Surface water is of great importance since it is the primary source of water for agriculture. It is estimated that 69% of worldwide water use is for irrigation, and of this, about 62% comes from surface water (streams, lakes, reservoirs).
When rain falls on the surface, most of it is absorbed by the soil, and then from there, it slowly migrates to streams, and from there into lakes and reservoirs, but it ultimately leaves a region, through stream flow and evaporation, to return to the oceans or the atmosphere — this is just a part of the large global water cycle. The total amount of water flowing in the streams of a region provides a useful measure of how much water is available for agriculture. We'll discuss this in depth in Module 9.
It takes around 3,000 liters of water to produce enough food to satisfy one person's daily dietary needs. This is a considerable amount when compared to that required for drinking, which is just 2-5 liters. To produce food for over 7 billion people who inhabit the planet today requires the water that would fill a canal ten metes deep, 100 metes wide and 7.1 million kilometers long – that's enough to circle the globe 180 times!
As we have seen, a GCM will predict the amount of rainfall over the surface of the Earth, and if we combine that with a model of the topography of the land areas (which is included in the GCMs), we can figure out how much water will flow as surface water through different regions.

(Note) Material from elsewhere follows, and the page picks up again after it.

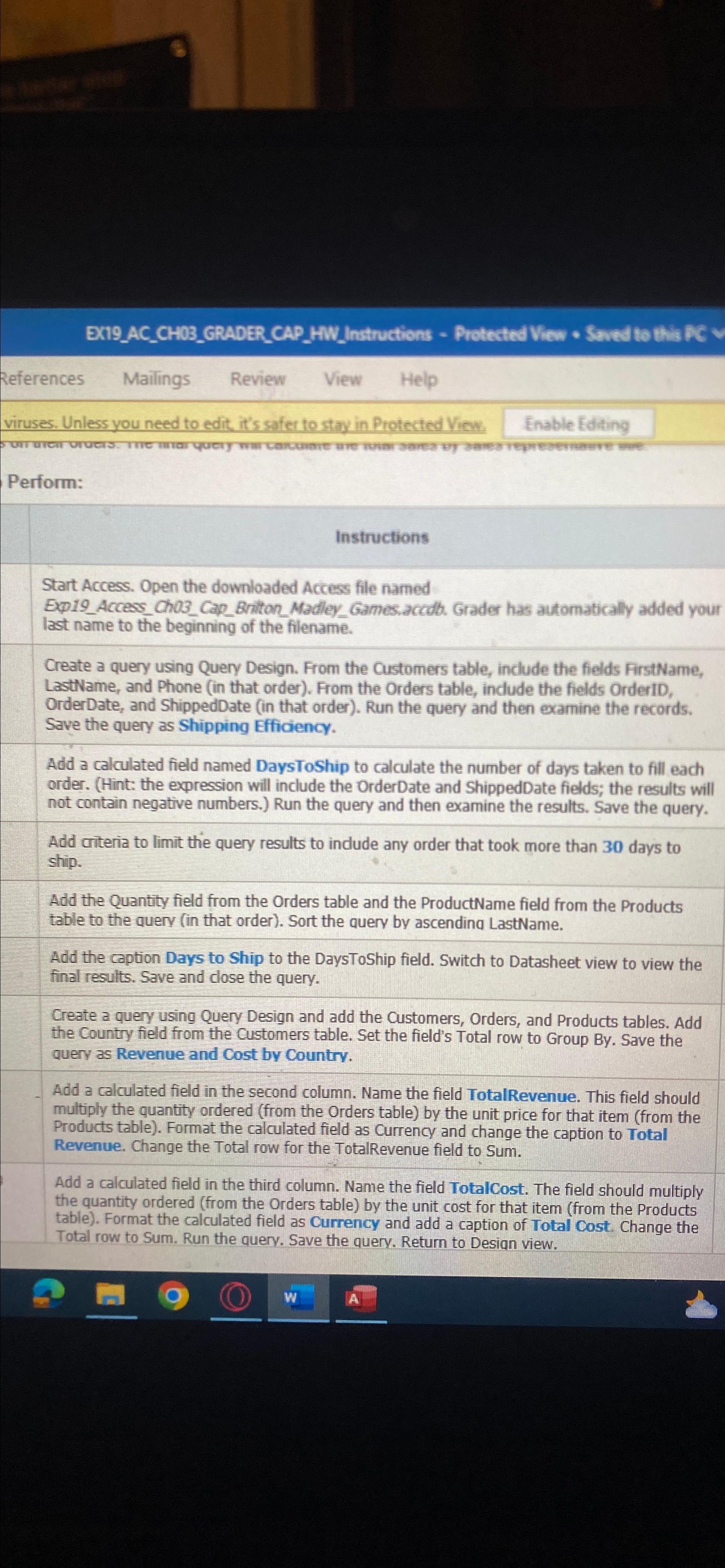  EX19_AC_CH03_GRADER_CAP_HW_Instructions - Protected View + Soned to this RC References Mailings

This has been done by taking the average precipitation from 20 GCMs operating under the SRES A1B scenario and then calculating how that surface water flow compares to the long-term average from 1900 to 1970. The resulting data provide us with a very good idea of what to expect in the future if we follow the A1B scenario.
The results of the surface water predictions can be seen here, but we will focus in on 3 snapshots from this history in a series of maps. We begin with a view of the predictions for the year 2020.
This image is a 30-year average, centered on the year 2020. The blue areas will see an increase in streamflow, and the red areas will see a decrease. The map includes contour lines that separate the values according to the labeled tick marks on the map scale. As we might expect, the changes are relatively small at this point, but the Mediterranean region has noticeably less streamflow.
As we move forward in time, to 2050, the changes become more dramatic.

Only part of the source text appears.